HOST: “And I’m now speaking with Phaethon Brown the Manager of Transportation Station Operations here at BART.  Thanks so much for joining us.”

BROWN: “Thanks for having me, Chris.”

HOST: “You are the Manager of Transportation and Station Operations here at BART and it’s really a critical role.  You have your fingers on so much of what’s happening with BART especially with projects that directly impact our riders.  So, let’s start with a little explainer, tell me about your position, what exactly do you do?”

BROWN: “You’re right Chris.  Basically, the Manager of Transportation and Station Operations you oversee all of the operations for the entire district.  Forty-eight stations, two with our new eBART, we have Silicon Valley coming up next year and that will be an additional two stations.  Right now, as you know, we’re in a growing phase so we’re trying to take BART to the next phase of the future.  We’re doing a lot of modernizing on our core stations, which would be our original 32 stations that were built back in 1972.  The goal is to modernize them to give them the face of BART for our new extension stations so we’ll have some synergy across the board.  On a day-to-day basis there’s no set schedule.  I could be meeting with HR, or training for new classes coming in for new positions, working with the planning department on various projects throughout the District and it’s always exciting.”

HOST: “I bet.  Every day is different for you.  You’re probably one of our most visible employees just in the sense that you have to go to so many different places and you’re essentially one of the guys that’s making sure that things are happening.”

BROWN: “That’s true.  Transportation is a big department.  We have probably, for our frontline employees over 1,000 employees and on top of that you have your Transportation Supervisors, you have your managers, you have your Assistant Chief of Transportation Officers, and our Chief Transportation Officer Roy Aguilera.  It’s a big team and we work as partners not just with transportation but with all of BART.  There are so many projects, like you said, going on and our goal is to make sure our patrons have the best experience every single day for every ride and it’s a great experience and that’s our goal and also modernizing and giving it a very good look for the future.”

HOST: “It’s easy to forget how large this organization is and how many people are involved in trying to deliver this quality experience for our riders and a critical part of that is all these different teams at BART working together.  For your position you sound kind of like the glue that brings everyone together.”

BROWN: “I’m one piece of the glue, it’s a big group here.  You’re right, we have to have partnerships throughout the District not only at BART but in our communities and the cities throughout the state, even on the federal level.  Our goal is if it seems seamless we’re doing our job.  The patrons, their main goal is to get from A to B.  Go out to have a good time, go to have dinner, to get the kids to school, or whatever it may be.  We just want to make sure that that entire trip seems seamless and all the hard work we do behind, that’s the rewarding part about it.”

HOST: “What are some of the more interesting projects that you’re involved with right now?”

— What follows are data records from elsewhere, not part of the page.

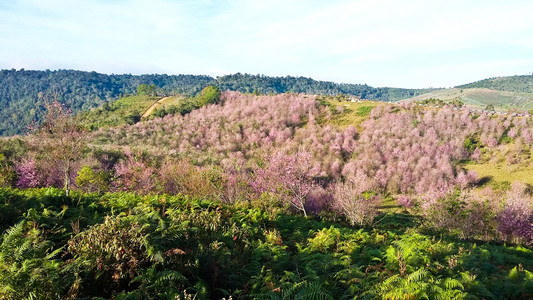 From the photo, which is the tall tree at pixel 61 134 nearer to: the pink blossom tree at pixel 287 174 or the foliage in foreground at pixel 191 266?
the foliage in foreground at pixel 191 266

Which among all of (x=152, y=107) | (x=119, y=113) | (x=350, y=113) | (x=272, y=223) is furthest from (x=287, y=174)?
(x=152, y=107)

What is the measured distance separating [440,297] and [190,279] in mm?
4835

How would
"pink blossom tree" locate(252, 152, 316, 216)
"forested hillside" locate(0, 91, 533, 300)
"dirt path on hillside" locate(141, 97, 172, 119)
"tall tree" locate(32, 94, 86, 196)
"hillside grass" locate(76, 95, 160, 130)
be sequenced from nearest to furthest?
"forested hillside" locate(0, 91, 533, 300) < "tall tree" locate(32, 94, 86, 196) < "pink blossom tree" locate(252, 152, 316, 216) < "hillside grass" locate(76, 95, 160, 130) < "dirt path on hillside" locate(141, 97, 172, 119)

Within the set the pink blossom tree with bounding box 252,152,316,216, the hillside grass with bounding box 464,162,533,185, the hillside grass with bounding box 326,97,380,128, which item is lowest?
the hillside grass with bounding box 464,162,533,185

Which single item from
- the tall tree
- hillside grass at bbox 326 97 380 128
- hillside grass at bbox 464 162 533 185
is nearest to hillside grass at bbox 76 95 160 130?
hillside grass at bbox 326 97 380 128

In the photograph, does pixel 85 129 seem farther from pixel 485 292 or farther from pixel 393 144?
pixel 393 144

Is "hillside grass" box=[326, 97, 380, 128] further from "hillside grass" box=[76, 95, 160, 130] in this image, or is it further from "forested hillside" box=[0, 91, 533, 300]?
"hillside grass" box=[76, 95, 160, 130]

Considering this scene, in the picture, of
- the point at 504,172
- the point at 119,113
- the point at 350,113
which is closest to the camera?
the point at 504,172

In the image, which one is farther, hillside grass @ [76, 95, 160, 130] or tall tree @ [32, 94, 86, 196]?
hillside grass @ [76, 95, 160, 130]

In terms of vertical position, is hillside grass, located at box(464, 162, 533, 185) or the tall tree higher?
the tall tree

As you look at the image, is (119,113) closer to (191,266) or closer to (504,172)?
(191,266)

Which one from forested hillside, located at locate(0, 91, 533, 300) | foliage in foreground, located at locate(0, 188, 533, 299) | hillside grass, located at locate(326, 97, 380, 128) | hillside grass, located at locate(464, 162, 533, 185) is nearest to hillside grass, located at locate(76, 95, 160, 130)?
forested hillside, located at locate(0, 91, 533, 300)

BROWN: “Right now, working with planning there’s a lot of transit-oriented development projects.  At BART we’ve now embraced the urban planning aspect of it so you’ll see a lot of our stations, communities are popping up.  MacArthur Station, for example, right now we have three new apartment buildings going up.  There will be a fourth that will probably break ground sometime this year.  So, as the community grows, as the region grows, we’re trying to give access to the growth part.  We know housing is one of the big issues here in the Bay Area and so BART’s planning department, real estate, construction, all of these folks have been working really hard to work with developers to get housing right at the doorsteps of BART.  Now you’ll be able to travel from San Francisco to the East Bay even all the way down to San Jose and you can live right at a BART station.  So, we’re helping out with the environment, we’re cutting emissions, we’re trying to be really proactive in going forward into the future.”

HOST: “I’m speaking with Phaethon Brown, Manager of Transportation and Station Operations here at BART.  Phaethon, BART is making quality of life issues on the system really a top priority.  It reflects the concerns of our riders and the feedback that we’ve received from those riders.  Do you feel like we’re making progress in providing those riders with the most pleasant experience possible?”

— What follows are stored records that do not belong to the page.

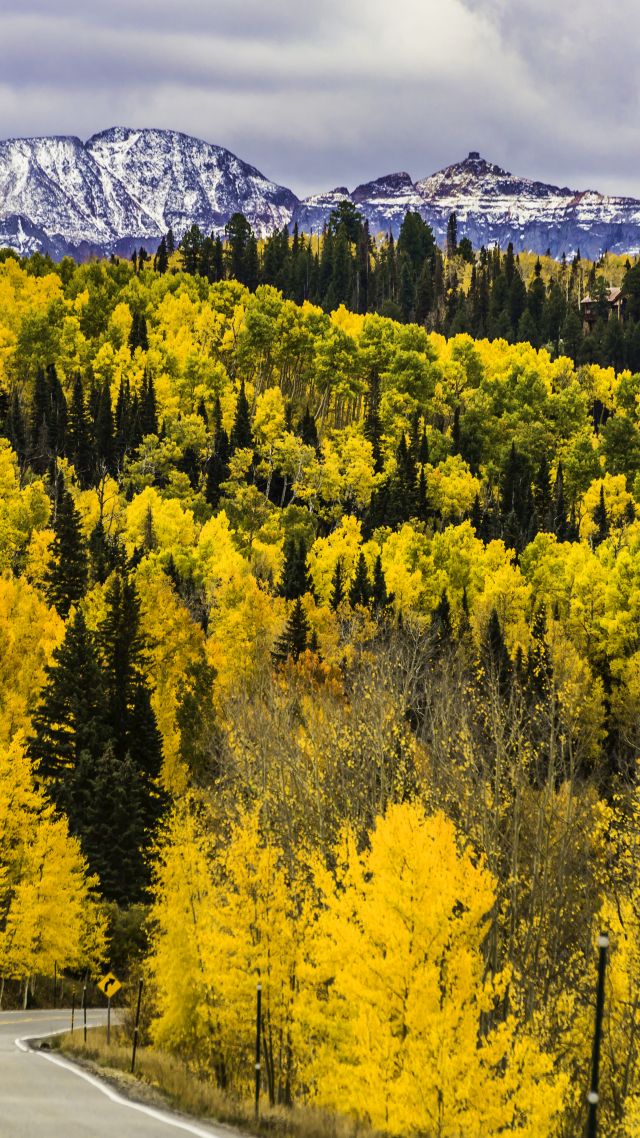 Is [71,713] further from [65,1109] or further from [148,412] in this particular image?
[148,412]

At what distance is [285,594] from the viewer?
9194cm

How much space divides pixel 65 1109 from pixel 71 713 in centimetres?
3580

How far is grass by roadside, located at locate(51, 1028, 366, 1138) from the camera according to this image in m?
21.1

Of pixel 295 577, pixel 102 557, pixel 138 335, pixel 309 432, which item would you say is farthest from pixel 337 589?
pixel 138 335

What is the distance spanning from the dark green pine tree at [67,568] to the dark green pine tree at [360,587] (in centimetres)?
1979

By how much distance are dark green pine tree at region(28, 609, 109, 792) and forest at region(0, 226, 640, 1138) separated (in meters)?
0.17

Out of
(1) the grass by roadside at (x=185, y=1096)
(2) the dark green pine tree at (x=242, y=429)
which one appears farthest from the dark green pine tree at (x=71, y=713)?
(2) the dark green pine tree at (x=242, y=429)

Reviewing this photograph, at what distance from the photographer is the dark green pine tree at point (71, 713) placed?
5372 centimetres

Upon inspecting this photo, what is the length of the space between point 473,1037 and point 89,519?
A: 76.2 metres

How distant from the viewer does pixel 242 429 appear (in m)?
121

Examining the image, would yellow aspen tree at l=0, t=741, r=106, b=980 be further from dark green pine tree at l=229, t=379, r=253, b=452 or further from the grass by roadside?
dark green pine tree at l=229, t=379, r=253, b=452

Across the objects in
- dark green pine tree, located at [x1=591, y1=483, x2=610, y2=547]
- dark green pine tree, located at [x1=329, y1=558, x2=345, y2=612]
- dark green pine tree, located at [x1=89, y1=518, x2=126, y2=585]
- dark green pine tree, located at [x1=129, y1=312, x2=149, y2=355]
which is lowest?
dark green pine tree, located at [x1=329, y1=558, x2=345, y2=612]

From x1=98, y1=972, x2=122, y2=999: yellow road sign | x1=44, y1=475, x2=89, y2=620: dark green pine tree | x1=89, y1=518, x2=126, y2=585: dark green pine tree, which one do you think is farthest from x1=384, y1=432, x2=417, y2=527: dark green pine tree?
x1=98, y1=972, x2=122, y2=999: yellow road sign

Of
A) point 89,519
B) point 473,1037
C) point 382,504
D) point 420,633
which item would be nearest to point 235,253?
point 382,504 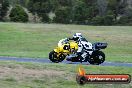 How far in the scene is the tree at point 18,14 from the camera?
71312 millimetres

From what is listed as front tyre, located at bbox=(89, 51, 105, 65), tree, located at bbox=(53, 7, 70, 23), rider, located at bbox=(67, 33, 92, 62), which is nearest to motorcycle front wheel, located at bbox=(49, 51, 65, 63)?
rider, located at bbox=(67, 33, 92, 62)

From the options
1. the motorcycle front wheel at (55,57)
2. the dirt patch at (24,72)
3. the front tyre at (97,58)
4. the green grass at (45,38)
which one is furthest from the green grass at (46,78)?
the green grass at (45,38)

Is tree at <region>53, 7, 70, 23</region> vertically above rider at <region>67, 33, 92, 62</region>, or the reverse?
rider at <region>67, 33, 92, 62</region>

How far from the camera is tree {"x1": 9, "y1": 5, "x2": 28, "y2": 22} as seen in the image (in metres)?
71.3

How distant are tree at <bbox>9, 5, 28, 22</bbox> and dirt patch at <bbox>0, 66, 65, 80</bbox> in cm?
5287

BROWN: “Yes, if you remember a couple years back marketing got out and we wanted to know what are we doing right, what are we doing wrong.  They were really instrumental with getting the information from the entire Bay Area of what are you happy with, what can we improve on and we’ve made those changes over the years.  It started out with our trains, the feedback was our trains are outdated, we still had carpet on the floor we had the upholstered seats, so we listened to the public.  Now, all hard surface floors, we have all vinyl seating and of course, for those who have been lucky enough to get on the Fleet of the Future, it’s a spectacular train.  Bombardier is our partner with that in the design but our new fleet is really an immaculate train and we listened to our community, we took all of their feedback and we think we’re creating the next phase of transportation not just for the Bay Area but the United States.”

HOST: “Your job even touches on the Fleet of the Future and there’s so much excitement about that.”

BROWN: “It is, I know that we’ve gotten some feedback that there’s a little frustration on the delay of it but we want to make sure that before we roll out the entire production that all the little bugs and all the kinks have been worked out and it’ll be the best experience for anyone that’s coming in from the Bay Area or traveling from around the globe.  We want them to know that, hey Bay Area Rapid Transit, we did our research, we did our due diligence and we want to make sure it’s the best.”

HOST: “That really is important, the idea of getting it right.  These trains are such complex systems that they’re really is a lot that comes into play with that and we want to make sure it’s not 80% or 90% right, it has to be 100%.”

BROWN: “Exactly and we pride ourselves on our on-time performance, sticking to our schedules.  We didn’t want to rush out, General Manager Grace Crunican, she wanted to make sure it was done as close to perfection as possible.  We could have rushed it out there as soon as we started getting the trains and then had some issues.  But instead of frustrating the public, let’s take an extra couple months or an extra year to make sure this new fleet is what everyone’s been waiting for over the past 42 years.  It’s going to take us so far out into the future it’s going to be worth the wait.”


HOST: “What’s the most challenging part of your job?”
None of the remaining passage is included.